Using this technique to simulate systems that have approximately 50,000 to 100,000 atoms is now common, with even 500,000 atoms being possible to simulate. The improvements in this technology are related to high-performance computing, which has aided in the growth and versatility of MD simulation.
This technique was used to overcome a critical limitation of complex calculations required for quantum-mechanical motions as well as chemical reactions of large molecular systems.
These calculations are too complex and intensive for even supercomputers. Being computationally challenging, the emergence of molecular dynamics simulations overcame this obstacle due to using simple estimations that were based on Newtonian physics, including Newton's laws of motion, to simulate atomic motions. This approach aided in reducing the complexity and dependence on intensive computational calculations.

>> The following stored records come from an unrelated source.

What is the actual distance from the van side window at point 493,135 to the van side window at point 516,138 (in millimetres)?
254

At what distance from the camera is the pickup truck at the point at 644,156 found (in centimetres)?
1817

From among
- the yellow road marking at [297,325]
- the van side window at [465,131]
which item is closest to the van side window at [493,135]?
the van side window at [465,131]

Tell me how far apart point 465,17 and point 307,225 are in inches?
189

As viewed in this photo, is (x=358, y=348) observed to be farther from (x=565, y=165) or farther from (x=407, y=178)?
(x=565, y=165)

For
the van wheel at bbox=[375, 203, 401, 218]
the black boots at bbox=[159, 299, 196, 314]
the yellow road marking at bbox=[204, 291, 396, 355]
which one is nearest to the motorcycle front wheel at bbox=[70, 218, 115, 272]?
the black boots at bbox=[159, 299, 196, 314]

Computational Drug Discovery
The use of computational drug discovery has been a revolutionary tool for the field of pharmaceuticals, with this technology being used to speed up and optimize the design and development of a novel drug candidate.
Using classical MD simulations enables the implementation of computational structure-based drug design (SBDD) strategies that account for the structural flexibility of the drug-target model system. The widespread use of this technology can be useful for drug discovery, with interactions between a drug and its target being simulated and optimized. Subsequently, this may potentially increase the number of drugs provided with Food and Drug Administration (FDA) approval.

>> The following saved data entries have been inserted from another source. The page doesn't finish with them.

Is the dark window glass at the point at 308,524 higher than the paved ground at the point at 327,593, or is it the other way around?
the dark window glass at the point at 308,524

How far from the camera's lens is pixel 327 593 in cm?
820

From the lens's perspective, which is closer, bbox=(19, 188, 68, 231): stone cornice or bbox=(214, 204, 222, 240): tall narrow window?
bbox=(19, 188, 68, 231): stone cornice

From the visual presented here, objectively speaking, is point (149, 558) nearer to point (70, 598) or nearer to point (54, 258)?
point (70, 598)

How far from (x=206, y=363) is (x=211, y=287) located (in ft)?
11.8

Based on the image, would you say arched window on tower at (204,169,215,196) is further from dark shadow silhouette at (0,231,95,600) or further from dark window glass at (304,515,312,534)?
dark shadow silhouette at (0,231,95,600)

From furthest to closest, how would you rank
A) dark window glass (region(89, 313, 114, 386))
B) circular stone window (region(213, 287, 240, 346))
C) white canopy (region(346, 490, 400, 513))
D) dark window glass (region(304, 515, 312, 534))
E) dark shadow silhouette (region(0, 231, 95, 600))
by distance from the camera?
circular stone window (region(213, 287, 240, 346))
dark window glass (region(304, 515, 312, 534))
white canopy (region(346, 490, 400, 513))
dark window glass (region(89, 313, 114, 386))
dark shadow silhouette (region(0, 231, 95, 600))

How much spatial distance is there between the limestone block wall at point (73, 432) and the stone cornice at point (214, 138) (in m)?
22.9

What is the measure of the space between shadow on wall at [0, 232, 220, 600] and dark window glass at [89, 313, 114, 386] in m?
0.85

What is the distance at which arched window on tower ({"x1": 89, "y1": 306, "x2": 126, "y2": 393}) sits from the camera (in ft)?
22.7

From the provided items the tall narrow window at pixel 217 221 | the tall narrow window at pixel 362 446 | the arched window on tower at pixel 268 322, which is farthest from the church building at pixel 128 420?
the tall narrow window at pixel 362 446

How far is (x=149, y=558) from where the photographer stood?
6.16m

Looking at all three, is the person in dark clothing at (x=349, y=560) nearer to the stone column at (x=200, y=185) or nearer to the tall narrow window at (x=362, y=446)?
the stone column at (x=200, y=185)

With the drug discovery and development process being a time-consuming and complex procedure that can take up to 12 years as well as having high expenditure, the use of computational drug discovery may aid in streamlining and optimizing this process and creating a higher success rate.
Molecular Dynamics Simulations in Drug Discovery
Molecular dynamics simulations can provide information on protein and ligand interactions, which can be vital for increasing comprehension of a drug target's structure-function relationship. This can be useful for guiding the drug design process, as once a simulation is constructed, researchers can fully comprehend how a drug can interfere with the pathophysiology of a biological target.
Increasing the understanding of drug interactions can optimize the weeding process of novel drug candidates and ensure drugs created are more effective for their disease counterparts. Using MD simulations in drug discovery can also improve the success rate for drugs being approved and aid in exploring drug interactions for more challenging biological targets, such as within the brain, for neurodegenerative diseases.
This approach can be more useful for finding treatments and cures for rare orphan disorders, which can aid in reducing the disease burden for patient populations worldwide.
Current limitations
While molecular dynamics simulations have been successful in drug discovery, there are still two significant challenges for this technique. These two challenges include the force fields used in this process that can be further refined and high computational demands that prevent routine simulations that are larger than a microsecond in length. These limitations can result in cases where there is an inadequate sampling of conformational states.
An example of the limitation of high computational demands that lead to a time-consuming process includes a one-microsecond simulation of a relatively small system (estimated to be 25,000 atoms) running on 24 processors, which can take several months to complete.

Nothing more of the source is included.